The distribution_key property is used to specify the distribution policy of data in tables. You can perform the following operations based on your business requirements:

Specify a distribution key

After you specify a distribution key for a table, data in the table is distributed to shards based on the distribution key by using the Hash(distribution_key)%shard_count algorithm. The returned result is the shard ID. Entries with the same distribution key value are distributed to the same shard. Examples:

Syntax supported in Hologres V2.1 and later:

-- Specify Column a as a distribution key column. Hologres performs a hash operation on the values in Column a and performs a modulo operation on the results. The returned result is the shard ID. Entries with the same distribution key value are distributed to the same shard.
CREATE TABLE tbl (
    a int NOT NULL,
    b text NOT NULL
)
WITH (
    distribution_key = 'a'
);

-- Specify Column a and Column b as distribution key columns. Hologres performs a hash operation on the values in Column a and Column b and performs a modulo operation on the results. The returned result is the shard ID. Entries with the same distribution key value are distributed to the same shard.
CREATE TABLE tbl (
    a int NOT NULL,
    b text NOT NULL
)
WITH (
    distribution_key = 'a,b'
);

Syntax supported in all Hologres versions:

-- Specify Column a as a distribution key column. Hologres performs a hash operation on the values in Column a and performs a modulo operation on the hash results. The returned result is the shard ID. Entries with the same distribution key value are distributed to the same shard.
begin;
create table tbl (
a int not null,
b text not null
);
call set_table_property('tbl', 'distribution_key', 'a');
commit;

-- Specify Columns a and b to constitute a distribution key. Hologres performs a hash operation on the values in Columns a and b and performs a modulo operation on the hash results. The returned result is the shard ID. Entries with the same distribution key value are distributed to the same shard.
begin;
create table tbl (
  a int not null,
  b text not null
);
call set_table_property('tbl', 'distribution_key', 'a,b');
commit;

The following figure shows the data distribution. 设置distribution key If you specify a distribution key, make sure that the data of the distribution key columns is evenly distributed. The shard count in Hologres is proportional to the number of worker nodes. For more information, see Basic concepts. If you specify columns in which data is unevenly distributed as distribution key columns, data is distributed to some shards and most computing resources are consumed by some worker nodes. As a result, long tails occur. This reduces query efficiency. For more information about how to troubleshoot data skew, see Query the shard allocation among workers.

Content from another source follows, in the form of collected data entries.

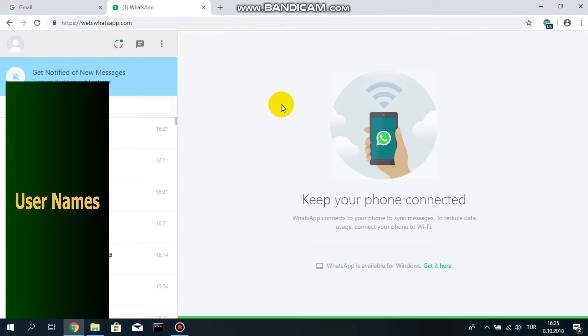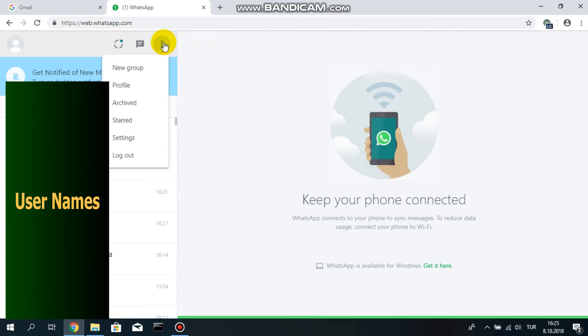you can't make phone calls or video calls via WhatsApp on PC. And if you want to log out, if you don't want to be logged in always, you just go to the three vertical dots here and click on it.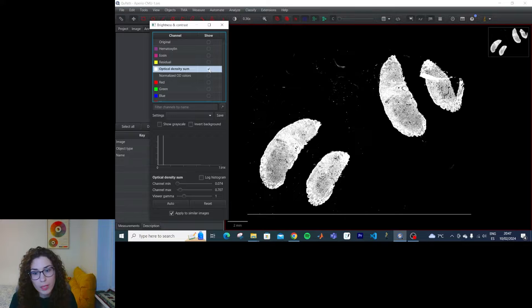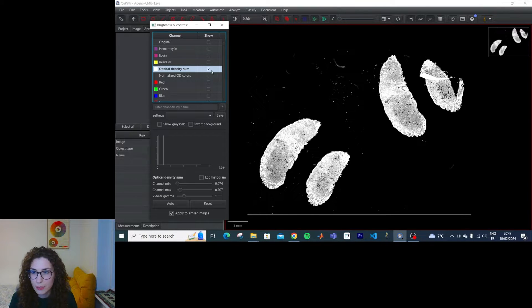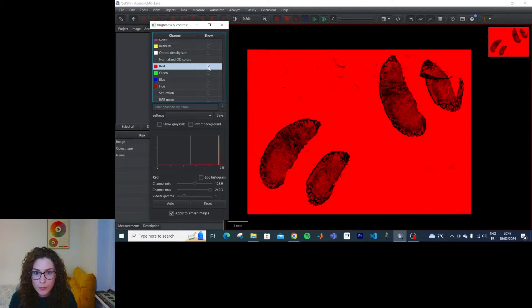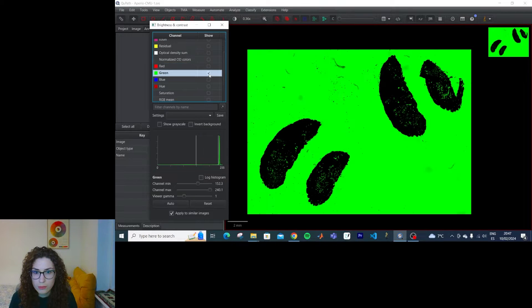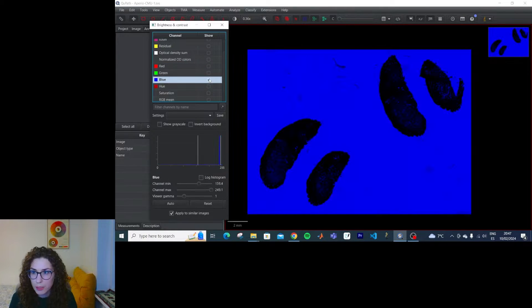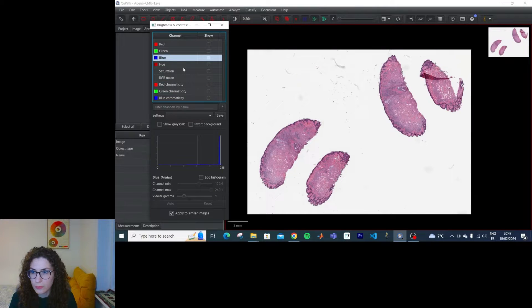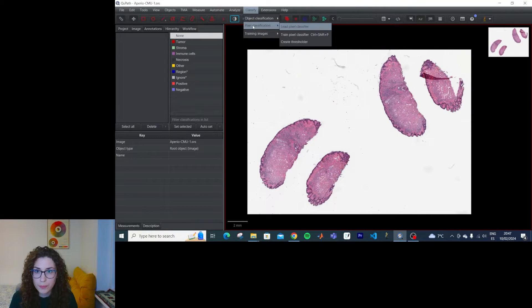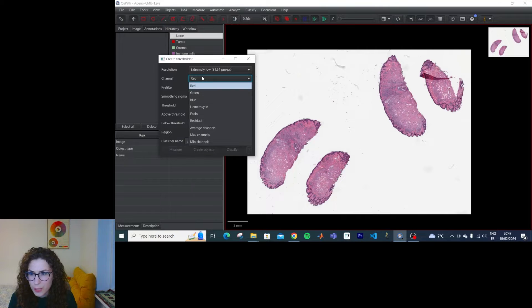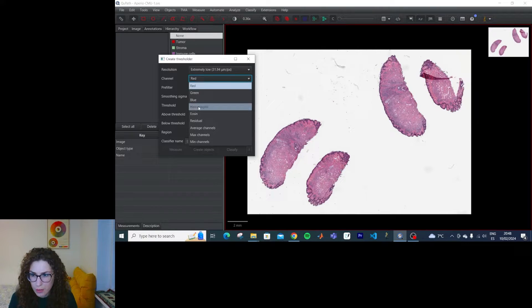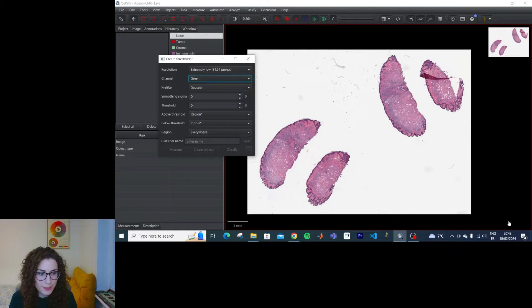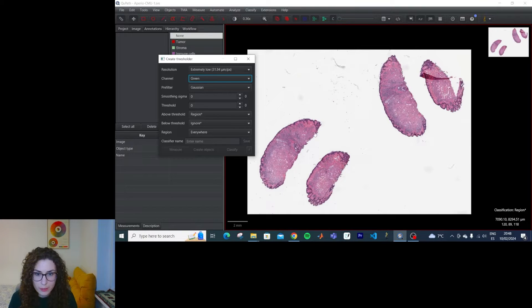Maybe, but you still get a lot of things in the background. Green might be useful. Let's try green. And then since we can, in the lower right corner, see the values of green.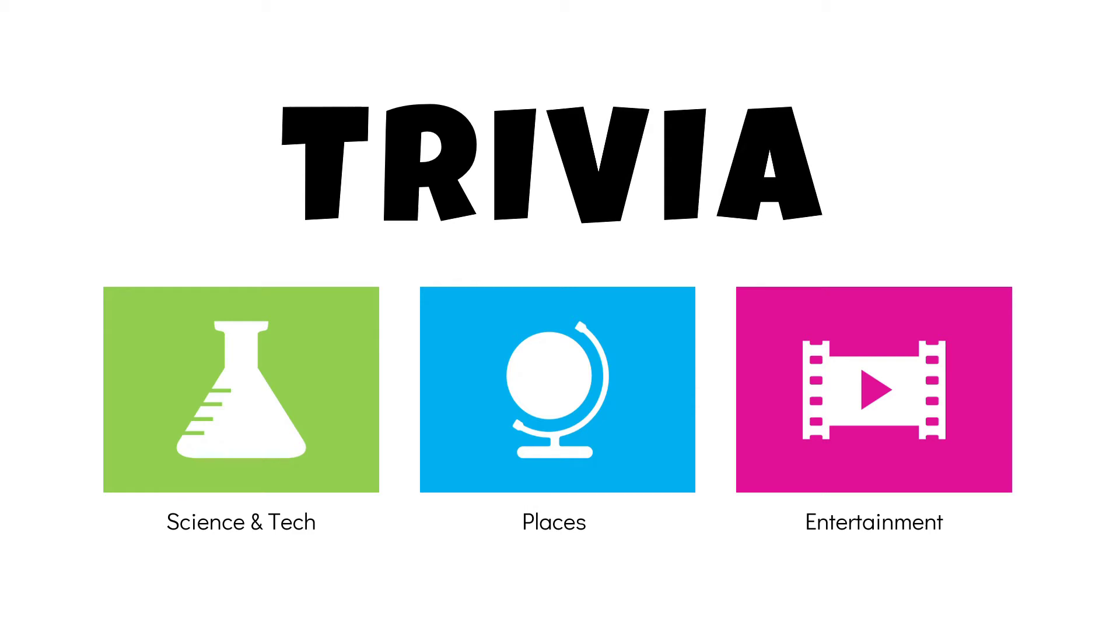Welcome, friends! Thanks for tuning in. In this video, I'm going to show you how to create an interactive PowerPoint presentation using a trivia game as an example.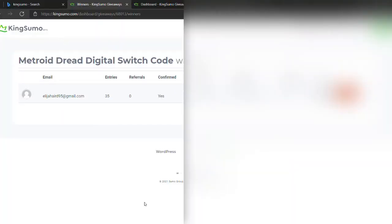Alright, what up y'all, it's your boy Boojeezy. The Metroid Dread giveaway ended about half an hour ago. This is the winner, congratulations!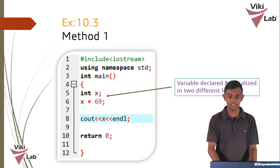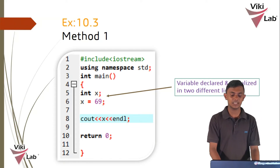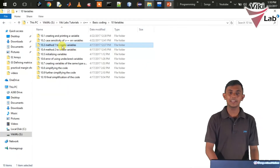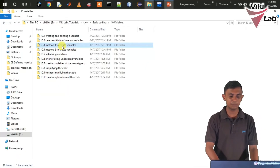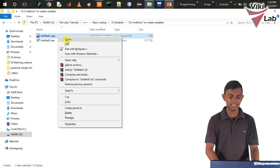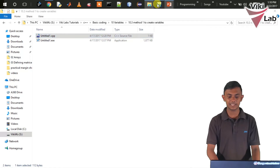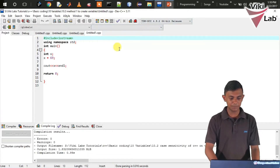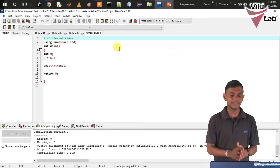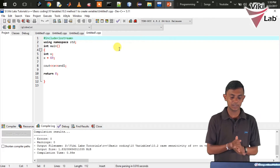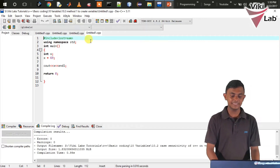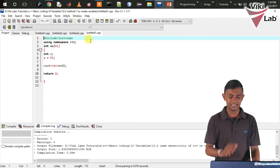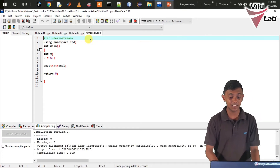I will run the Dev C++. I will download the code from Google Drive and discuss this example. I will open the .cpp file in Dev C++ and show you how to declare and initialize.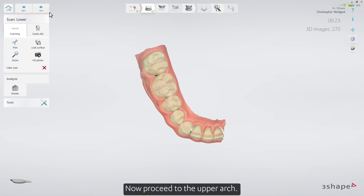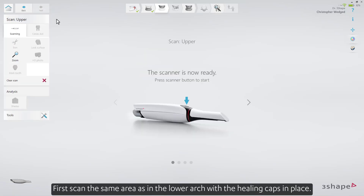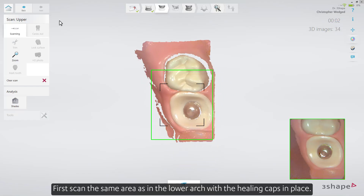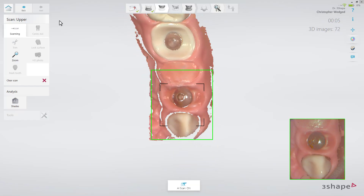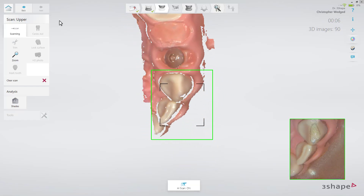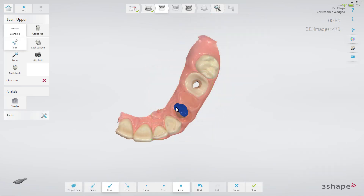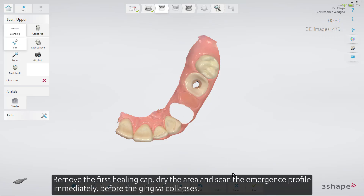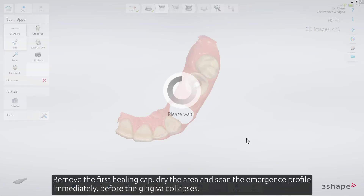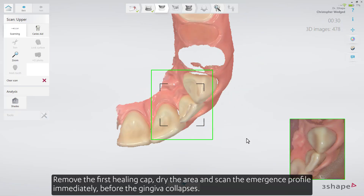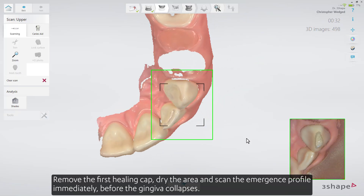Now proceed to the upper arch. First, scan the same area as in the lower arch with the Healing Caps in place. Then trim away the Healing Caps in the scan. Remove the first Healing Cap, dry the area and scan the Emergence Profile immediately, before the gingiva collapses.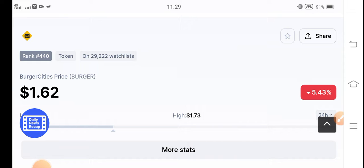In this video, I'm talking about burger token price prediction and the latest updates. But before starting, if you're new to my channel and haven't subscribed, make sure to subscribe to my YouTube channel for more latest news and updates about burger token.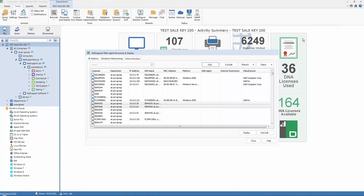The NetSupport DNA Discover and Deployment tool can be used across a number of Windows platforms, from Windows XP 2003, Vista, Server 2008, Windows 7, Windows 8 and 8.1, Windows Server 2012 and Windows 10. However, due to operating system limitations, the Discover and Deployment utility will not work with Windows XP Home, Windows Vista Home Premium, or Windows 7 Starter or Home Editions.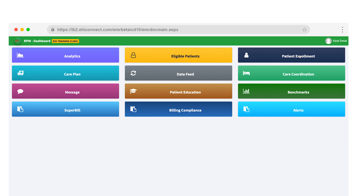And importantly, if you don't have our EHR, our application integrates with other EHRs so you don't miss out. So here's our application. It's cloud-based, so you don't need to download an app on your phone or desktop. You can access it from anywhere, anytime, and most importantly, do it securely.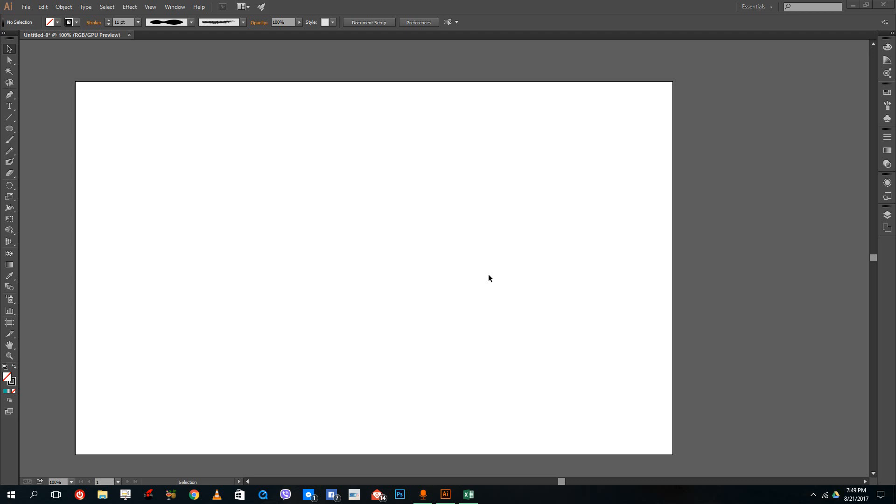Hello YouTube and welcome to lesson 11 of the Adobe Illustrator tutorial series. Today we're going to work with the pencil tool, blob brush tool, and brush tool.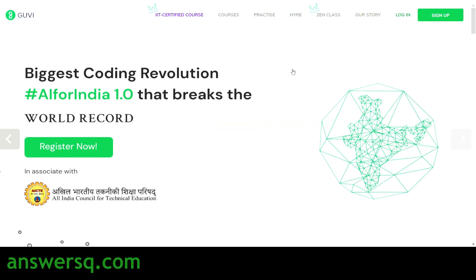Welcome to Answers Cube, an IIT incubated e-learning platform. GUVI is conducting a free online workshop on artificial intelligence named AI for India 1.0. In this video, we'll see all the details regarding this free online workshop by GUVI — how to register, who can participate, and when it will be conducted.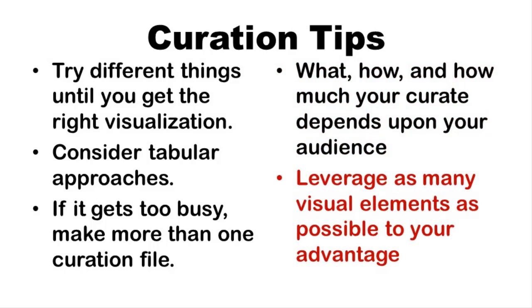Finally, my last curation tip is to leverage as many visual elements as possible to your advantage. For example, you will see I used Courier New as the font to annotate the text scale options.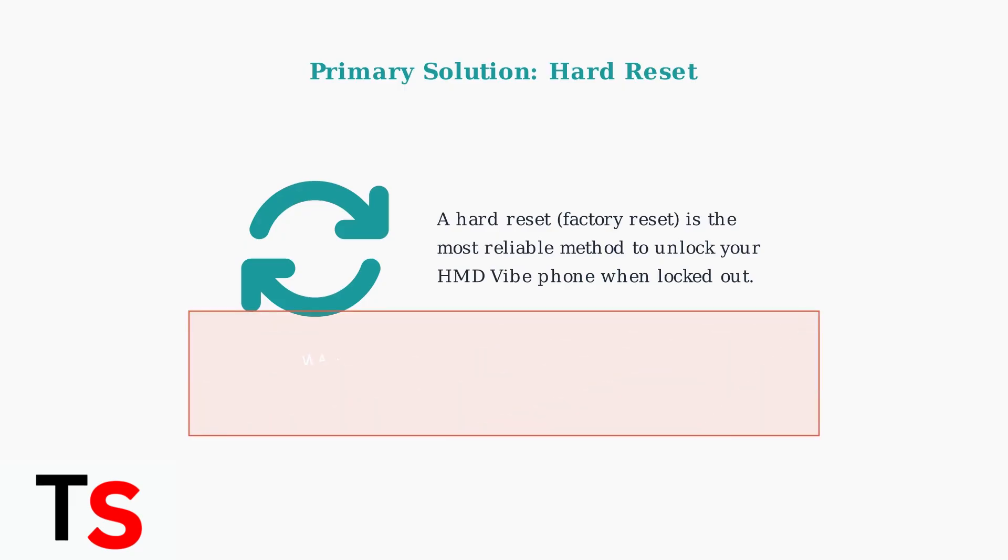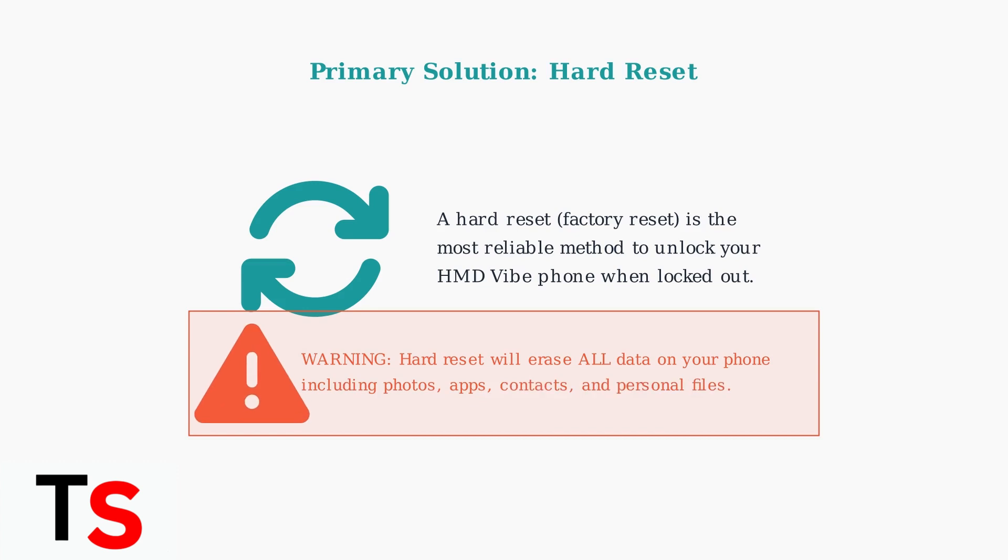However, there's an important warning you must understand. A hard reset will completely erase all data on your phone, including photos, apps, contacts, and personal files. This restores the device to its original factory settings.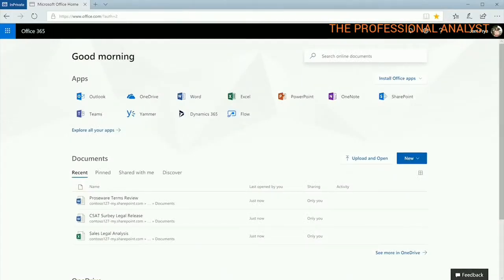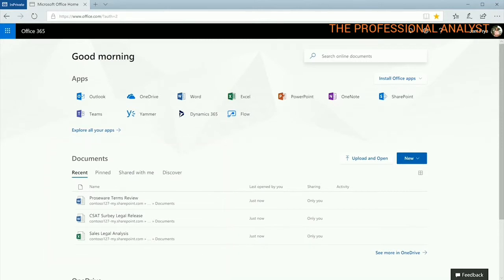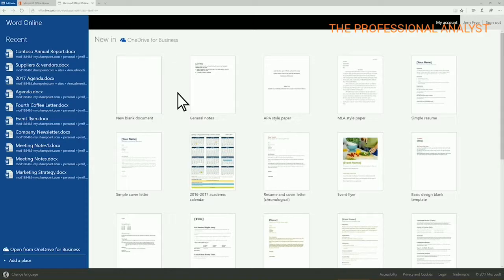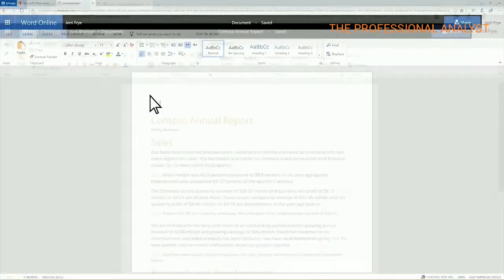From here, you can open recent documents you've been working on or choose the app you want to work in, like Word or Excel. Choose a blank document or template, and then start working.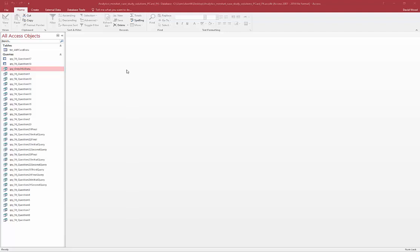The next querying tool we're going to talk about is using parameters. I'm going to give you an example of what these are.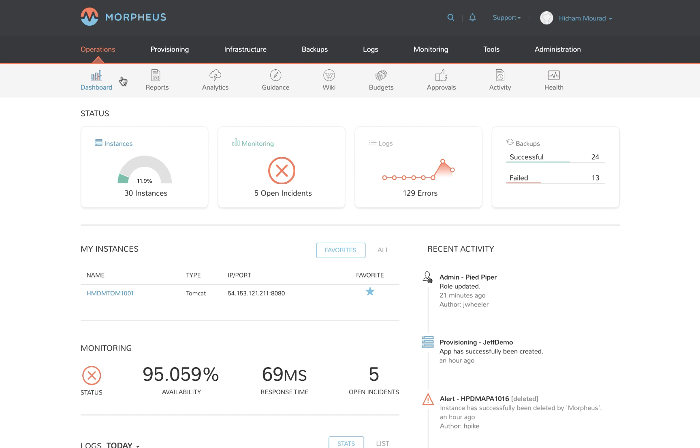This is the main Morpheus operational dashboard. It's a clean graphical user interface that centralizes the majority of the operational tasks related to hybrid IT. Remember, everything you see me doing in this graphical user interface is also available via both API and command line interface.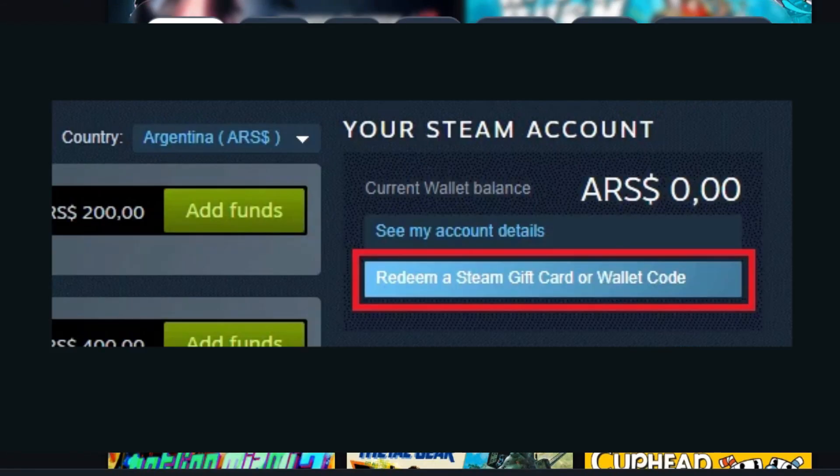After logging out, you need to connect your Argentina VPN and then find Argentina in the location list. Then click on the connect button. Now you need to change your region to Argentina in Steam. Click add funds to your Steam wallet, click on country, and change it to Argentina. Then click yes, my billing address is Argentina.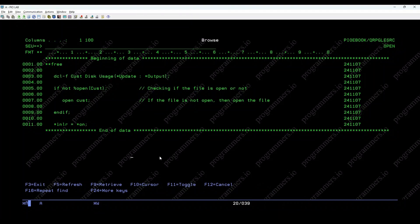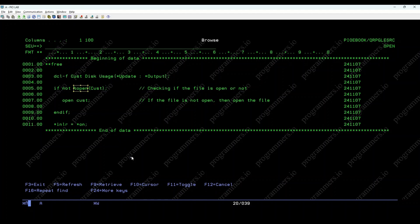Welcome to our IBM iTutorial. Today, we're diving into the %OPEN built-in function. In RPGLE, %OPEN is used to determine if a file is currently open or closed.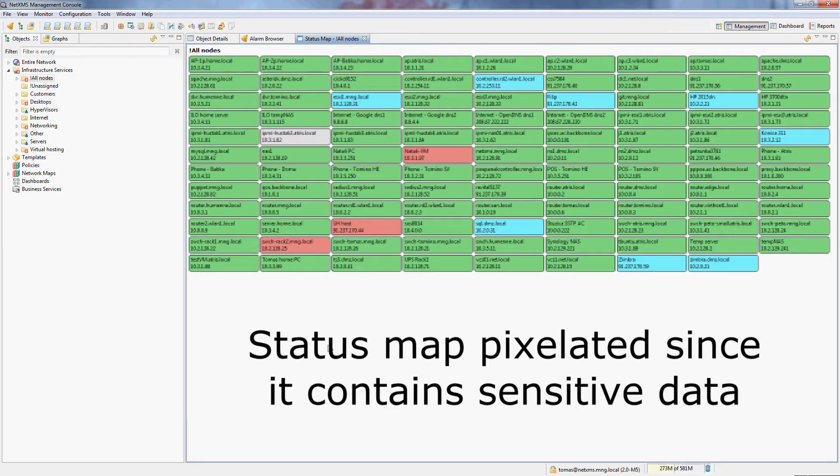Normally this would be very useful to put up on a monitor in a data center or somewhere else where just with a quick glance you can actually see if your whole infrastructure is doing okay or not.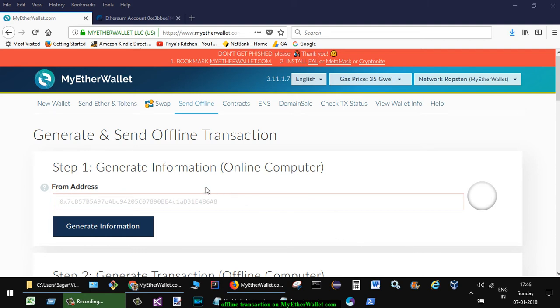This video shows how you can create an offline transaction on MyEtherWallet.com. For that, here you have to select the from address.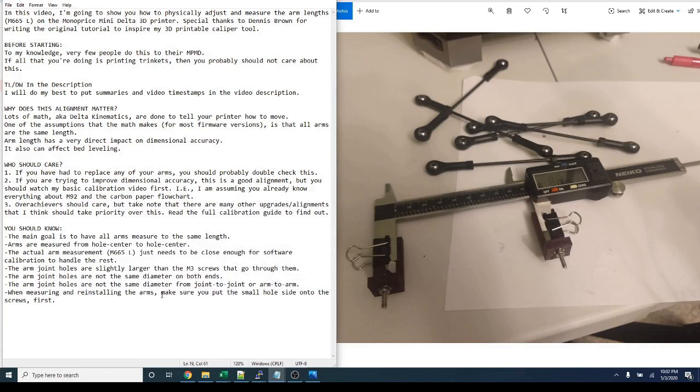In this video, I'm going to show you how to physically adjust and measure the arm lengths, aka the M665L parameter, on the Monoprice Mini Delta 3D printer.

Do not specify a distribution key

If you do not specify a distribution key, data is randomly distributed to shards. The entries with the same value may be distributed to different shards. Examples:

-- Do not specify a distribution key.
begin;
create table tbl (
a int not null,
b text not null
);
commit;

The following figure shows the data distribution. 不设置distribution key

Specify a distribution key for a table on which the GROUP BY operation is frequently performed

After you specify a distribution key for a table, the entries with the same distribution key value are distributed to the same shard. If the GROUP BY operation is performed, the data is redistributed based on the specified distribution key during computing. You can specify the columns on which the GROUP BY operation is frequently performed as distribution key columns. In this case, the same data in the same shard is aggregated. This reduces data redistribution among the shards and improves query performance. Examples:

Syntax supported in Hologres V2.1 and later:

CREATE TABLE agg_tbl (
    a int NOT NULL,
    b int NOT NULL
)
WITH (
    distribution_key = 'a'
);

-- Perform an aggregate query on Column a:
select a,sum(b) from agg_tbl group by a;

Syntax supported in all Hologres versions:

begin;
create table agg_tbl (
a int not null,
b int not null
);
call set_table_property('agg_tbl', 'distribution_key', 'a');
commit;

-- Perform an aggregate query on Column a:
select a,sum(b) from agg_tbl group by a;

You can query the execution plan by executing the Explain statement. The following figure shows that the execution plan does not contain the redistribution operator. This indicates that no data is redistributed. QUERY PLAN

Specify distribution keys for two tables that you want to join

Specify both join columns as distribution keys.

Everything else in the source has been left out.